Which brings me to my love letter to Roz Chast. If you don’t read the New Yorker—and I’m not going into my mixed emotionally feelings about the New Yorker here, because it’s just too thick and layered and controversial, kind of like a hallucinogen-laced lasagna—but I read the fucker cover-to-cover weekly and Roz is like… that batty next door neighbor who you just love going over to her house because the afghan clashes wonderfully with the throw pillows and her cookies are just a little bit off but she’s always going to serve you really banging coffee and send you home with some wry story, some leftover—and stale—sponge cake and a smile in your heart. What I didn’t know is Roz is, like, totally hot! I mean, she’s got a wicked little body on her! I know, it’s off-putting. And seems unfair considering she’s so charming, gracious, and hilarious, on and off the page.
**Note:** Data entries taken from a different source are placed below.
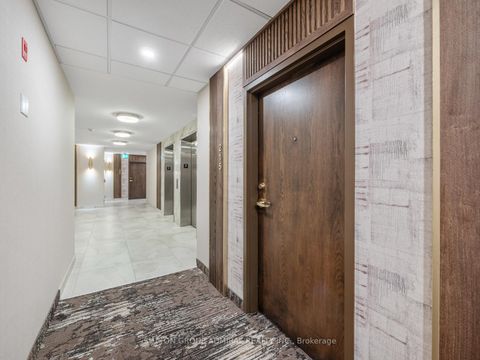 Photo 1 at 215 - 1 Maison Parc Court, Lakeview Estates, Vaughan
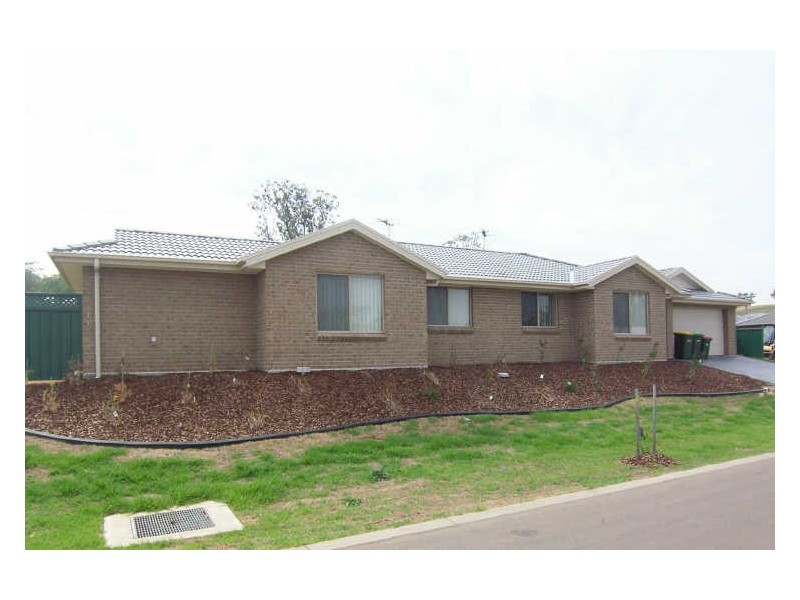 2 McGregor Street, Muswellbrook NSW 2333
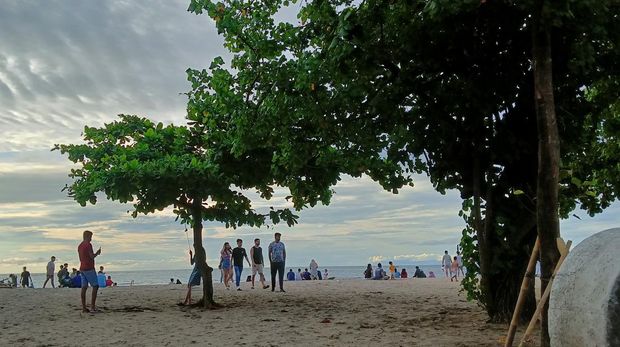 Sejumlah wisatawan di Pantai Jerman, Kuta, Badung, Bali Rabu (30/11/2022).
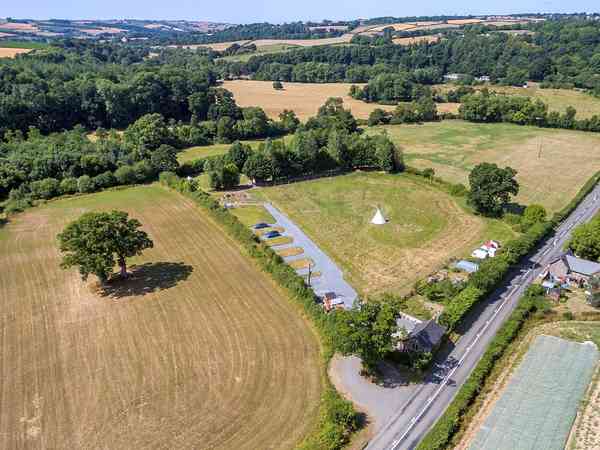 Emplacement sur herbe et gravier sans électricité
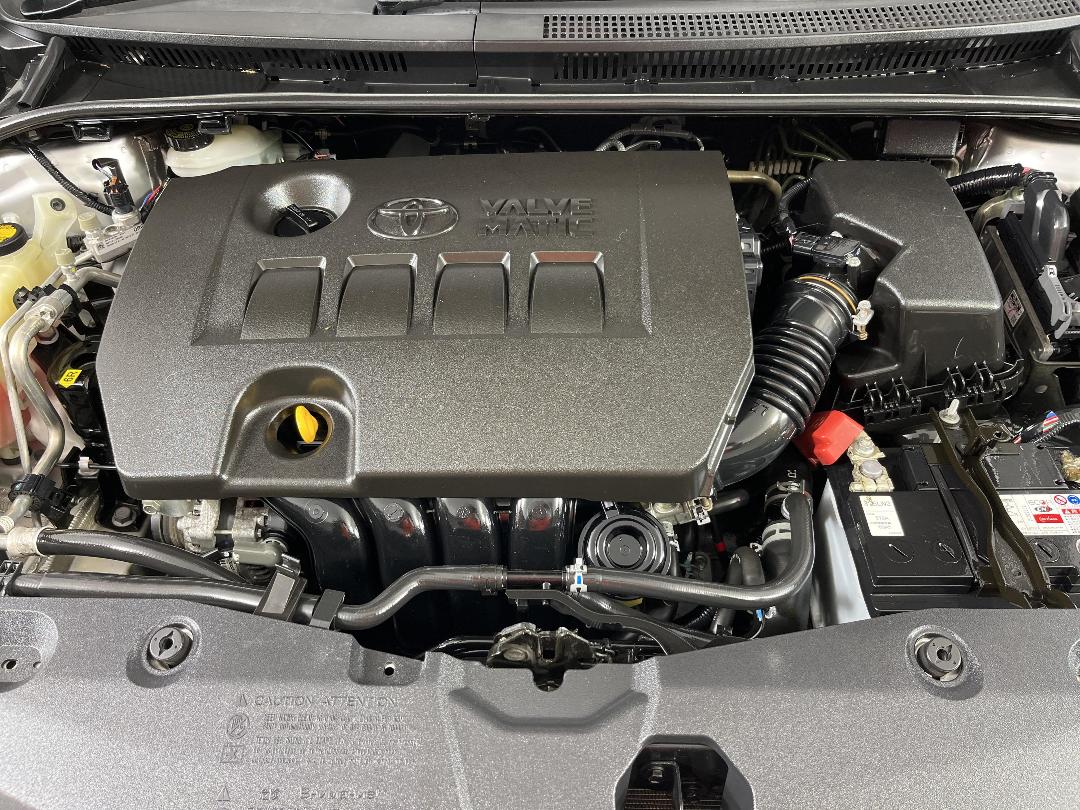 Photo '13' of Toyota Avensis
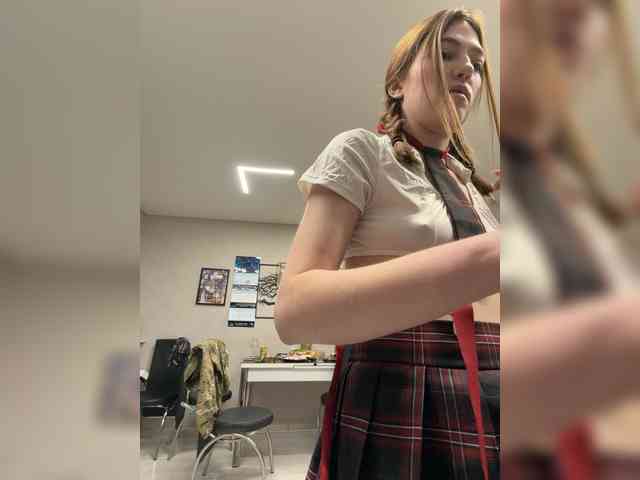 Alinagilberd03 webcam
Telling us how she got started, she explained that she always liked to draw as a kid, but no matter how she tried to draw seriously, her drawings always came out funny. “I could not draw a serious horse.” It didn’t hurt that she was reading Mad magazine (a GIRL who reads MAD? [Crush.]) She did look at the New Yorker occasionally, but as a kid she didn’t really get the comics, because “I didn’t have a much experience with cocktail parties and boardrooms.” Her charm really came through describing the anxiety of trying to make it as a cartoonist, and the feeling that surely, she must be the only one who has a problem with it. (I’ve been following enough cartoonists on Twitter that it’s pretty obvious—they’re an anxious, never-gonna-have-a-good-idea-again lot.) “I don’t call up other cartoonists and say, ‘Do you feel like crap today?’”
Roz was promoting her new book, “What I Hate. From A to Z,” inspired by the alphabet game she uses for insomnia and just a general, rambling mental exploration into things that, as she says, “Really bother me a lot.” Like the shape of hammerhead shark’s head. Even as a kid, she just looked at that and thought “That is not happening. Nothing should look like that.” Hence this terrific little book, which includes her hatred of the color yellow. She started to explain that it had something to do with a certain shade of yellow, but interrupted herself to say “there are a lot of shades of yellow that bother me.”
This inspired an audience member to ask, since it clearly isn’t yellow, “What color is your kitchen?”